La deuxième question concerne le rôle de l'Église et des catholiques face aux problèmes liés à l'environnement, qui ne manquent pas. Le point original du catholicisme est de reconnaître que, justement en tant que Création, il existe un ordre naturel établi par le Créateur, qui a placé l'homme au sommet de la Création, unique créature vivante faite à l'image et à la ressemblance de Dieu. L'expérience bénédictine nous montre que ceux qui vivent en «cherchant Dieu» rendent encore plus belle la création, en plus de rendre la vie plus humaine, et au contraire, le désordre environnemental découle de la rupture du lien avec Dieu, qui peut générer l'exploitation sauvage d'une part et la déification de la nature de l'autre. Voilà pourquoi la première contribution que l'Eglise peut donner à la question de l'environnement est l'évangélisation et cela est aussi le sens profond de l'«écologie humaine».

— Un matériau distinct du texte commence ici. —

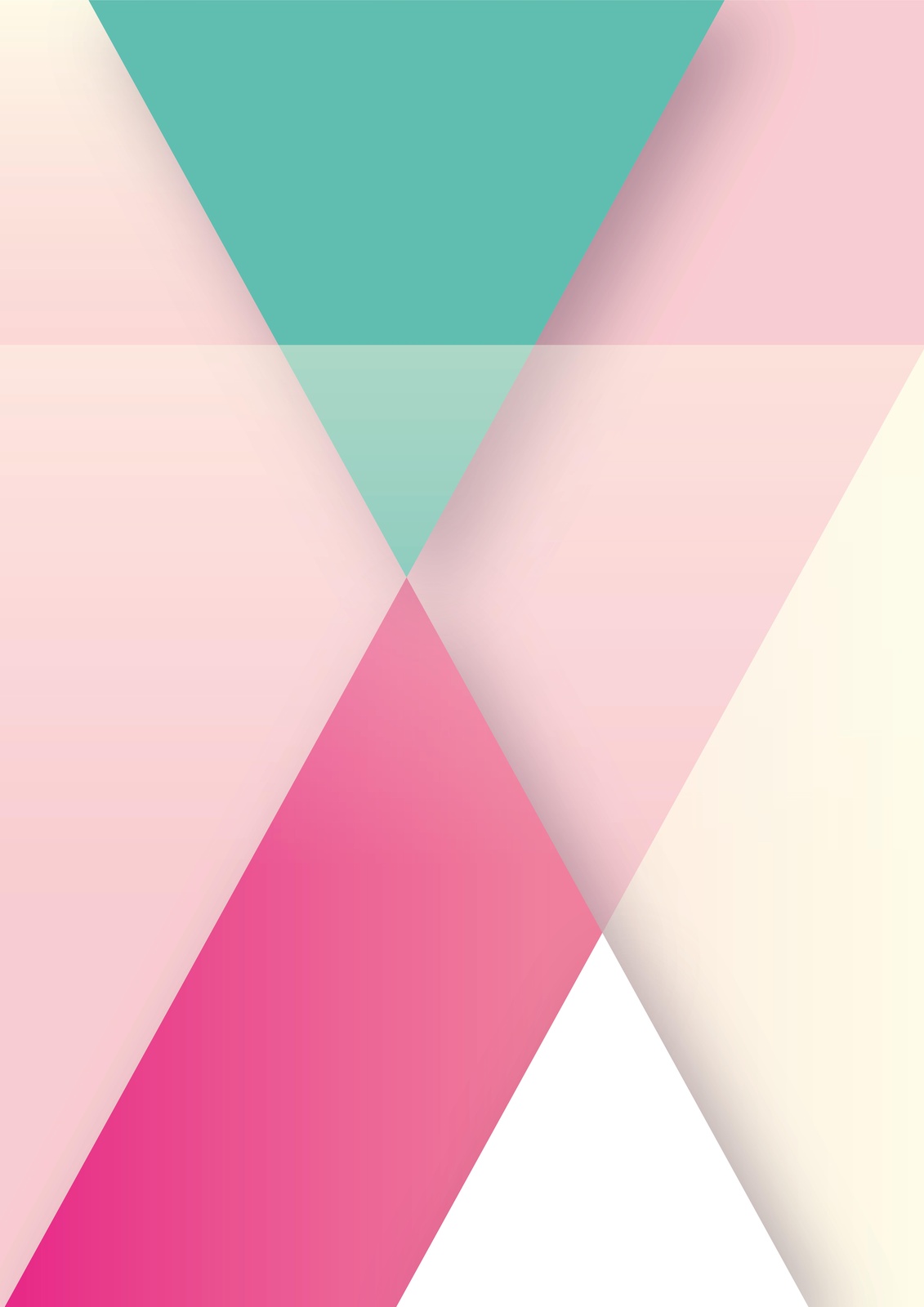 Geometric Pink & Teal Abstract Wall Art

Mais c'est une prise de conscience qui semble s'être obscurcie, diluée dans un œcuménisme écologiste qui apparaît comme le «bras éthique» d'un pouvoir mondial: toutes les religions ensemble pour donner une consistance morale à l'engagement que les agences de l'ONU nous demandent pour la santé de la planète. Face à des sécheresse prolongées ou des inondations soudaines, non plus des processions, des prières, des messes; non, à présent, l'ordre est de réduire les émissions de dioxyde de carbone. Aujourd'hui, «la pleine conversion des cœurs et des esprits» signifie pour les leaders religieux être des «modèles» de durabilité, a dit hier le cardinal Turcson: «Donnons l'exemple! Imaginez quel message positif ce serait pour les gens de foi non seulement de prêcher la durabilité, mais de vivre une vie durable! Par exemple, pensez quel message positif ce serait si les églises, mosquées, synagogues et temples à travers le monde pouvaient devenir à "zéro émission"». («So let religious leaders step up to the plate! Let us lead by example! Think of the positive message it would send for people of faith to not only preach sustainability but to live sustainable lives! For example, think of the positive message it would send for churches, mosques, synagogues, and temples all over the world to become carbon neutral».)

Ce ne sont pas les idées loufoques d'un cardinal, c'est la mauvaise habitude qui prévaut dans l'Eglise: la même conception se retrouve dans la «conversion écologique» établie par l'ordre des Jésuites; dans les diocèses ou les paroisses où l'on annonce comme un «geste prophétique» l'installation de panneaux solaires sur les églises paroissiales; dans les «gestes de carême» où parmi les pratiques de conversion est indiquée la collecte des déchets; dans les concours pour l'«Eglise durable».

Bref, le vrai changement de climat qui devrait nous inquiéter est celui que l'on observe dans l'Église.